Supplied data:

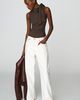 Maeve Tie Neck Tank Top - 4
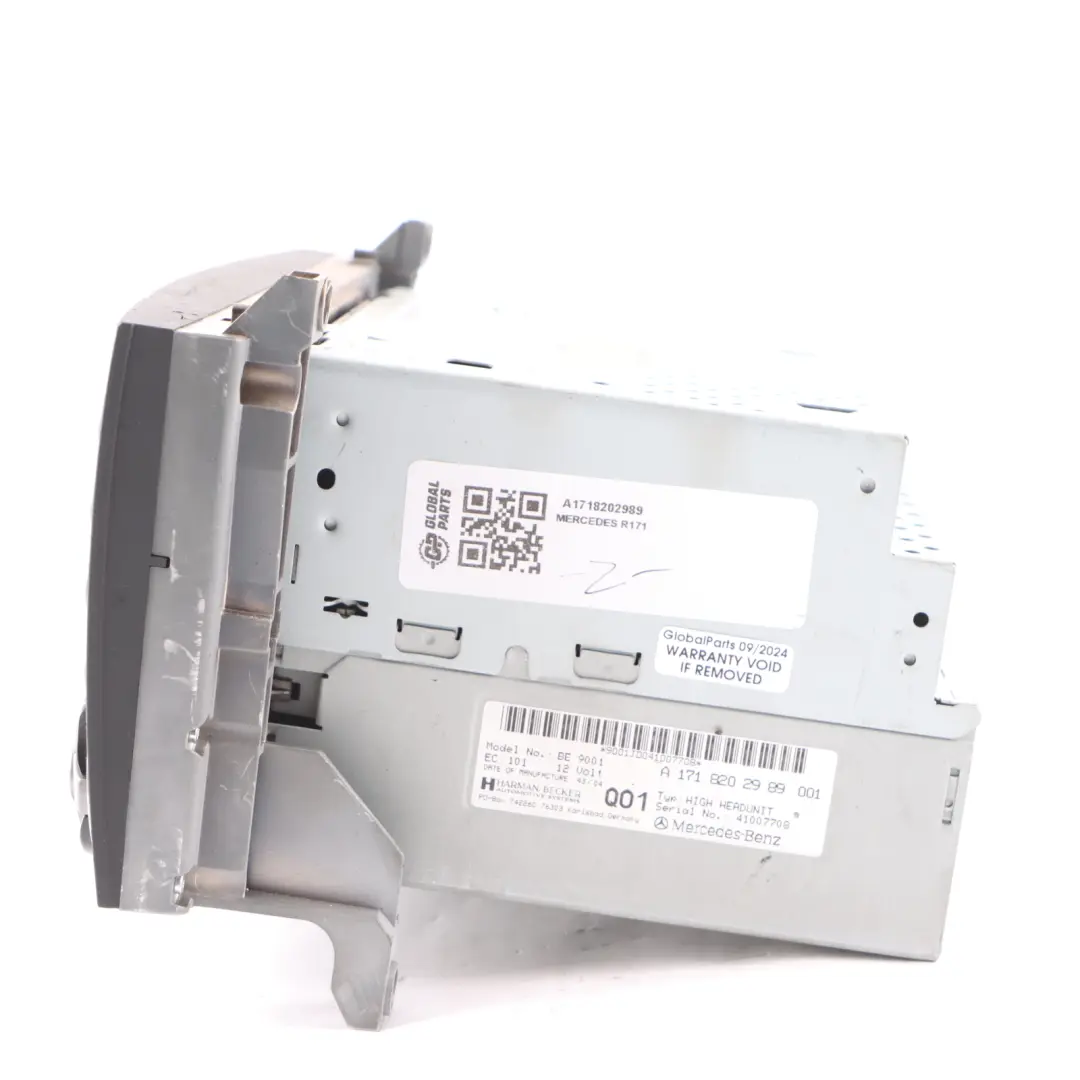 Radio CD Player Stereo Navi Media Head Unit to Mercedes R171 with Part number A1718202989 Mercedes R171 Radio CD Player Stereo Navi Media Head Unit - SKU A1718202989 - Part number A1718202989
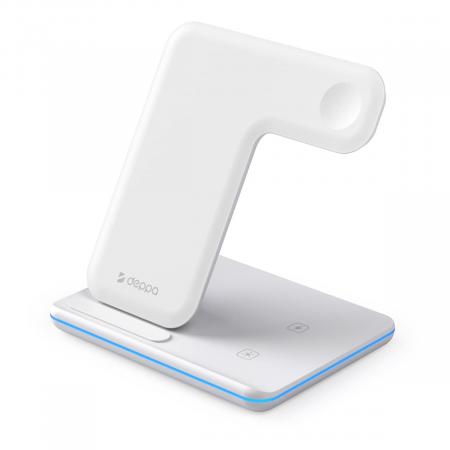 Зарядная станция Deppa 3в1 Charging Stand Neo 20W (24017) White, белый Зарядная станция Deppa 3в1 Charging Stand Neo 20W (24017) White, белый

The problem: Transcribe exactly the lines above, running from the one that contains "Radio CD Player Stereo Navi Media Head Unit to" through the final line of the listing, and skip every picture.

Your response:
 Radio CD Player Stereo Navi Media Head Unit to Mercedes R171 with Part number A1718202989 Mercedes R171 Radio CD Player Stereo Navi Media Head Unit - SKU A1718202989 - Part number A1718202989
 Зарядная станция Deppa 3в1 Charging Stand Neo 20W (24017) White, белый Зарядная станция Deppa 3в1 Charging Stand Neo 20W (24017) White, белый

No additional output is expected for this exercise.